Presence in the Spring
If your trees have been pruned or cut down during the winter, they can swiftly recover in the spring with new growth. Deciding to have this done in the winter is a great idea. You don’t have to waste time looking at a tree that has been trimmed before it grows and flourishes in the springtime.
In the winter months, many parasites, bacteria, insects, and fungi that create and spread disease are dormant or dead. That means that issues that can come up the rest of the year are less expected. Bad things such as cedar hawthorn, oak wilt, Dutch elm disease, and fire blight are not likely to spread.
Winter Damage Prevention
Any trees in your outdoor space that are damaged, dead, or dying can be hazardous in the winter. This is particularly the case when there are vast amounts of ice or snow. By having them removed or pruned, they will be safe. Also, weaker trees are healthier after removing dead or diseased wood.
Trees Ready for Springtime
A tree care service company provides everything you need in the wintertime. You can get ice/snow removal, emergency tree service, and tree removal. Our arborists can discuss with you what services your trees need to be healthy and ready for warmer weather.
Having a new tree is the ideal way to bring value and beauty to your property. But many new tree owners have a habit of making common mistakes with their trees.
Putting on more mulch without getting rid of the old mulch or installing a new tree on top of an old tree’s root ball can cause a deficiency of oxygen to the roots which will deteriorate a tree’s health.
Harsh chemicals such as broadleaf weed killers, some fertilizers, and herbicides will destroy or kill trees. They must be used with great caution.
Numerous trees, particularly young ones, are injured by the negligent use of weed trimmers and lawn mowers. Be sure to use caution when using lawn-care equipment around your trees. If you aren’t skilled with your lawn-care machinery, hire a York tree contractor.
Not Enough Pruning
The biggest tree-care mistake is not pruning enough. Pruning is good for just about all trees.
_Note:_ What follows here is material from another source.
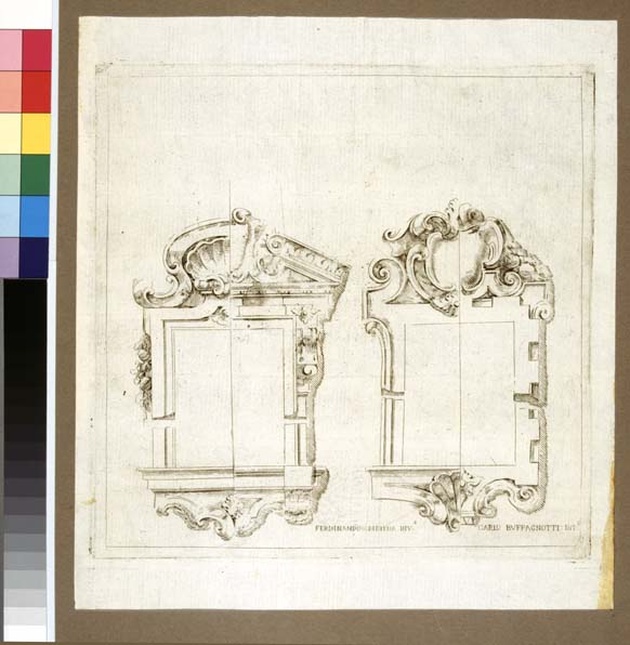 Cornici e fastigi di finestre, scenografia teatrale: architettura ideale: particolari architettonici (stampa, serie) di Galli Ferdinando detto Bibiena, Buffagnotti Carlo Antonio (sec. XVIII)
It promotes new growth and allows air to circulate through the limbs. Also, pruning gives shape to a tree, as well as eliminating hazardous limbs.
Too Much Pruning
Another big mistake is over pruning. When topping is performed, the results can be unfortunate. If pruning is too harsh, it can cause trees to become weak and limbs to die. An unhealthy tree is an easy target for diseases and pests.
What is a hazardous tree? It’s one that can harm individuals and damage property. Usually, it’s the one that looks like it’s dead or dying. It might also be a tree that’s hanging over your house. If you have a hazardous tree, it could fall at a moment’s notice. A strong gust of wind, storm, or saturated ground can impact a tree toppling. Our Arborists can discuss with you your options in getting this tree removed safely.
Too Much or Too Little Water
When there is a drought, trees hurt. They may survive, but without the right amount of water, they will become stressed. Not like a dry lawn, trees don’t come back to life once they die.
Tree Care in York, PA
Treat your trees with tenderness and care, and they will return the favor, giving you years of grace. For assistance contact a tree company.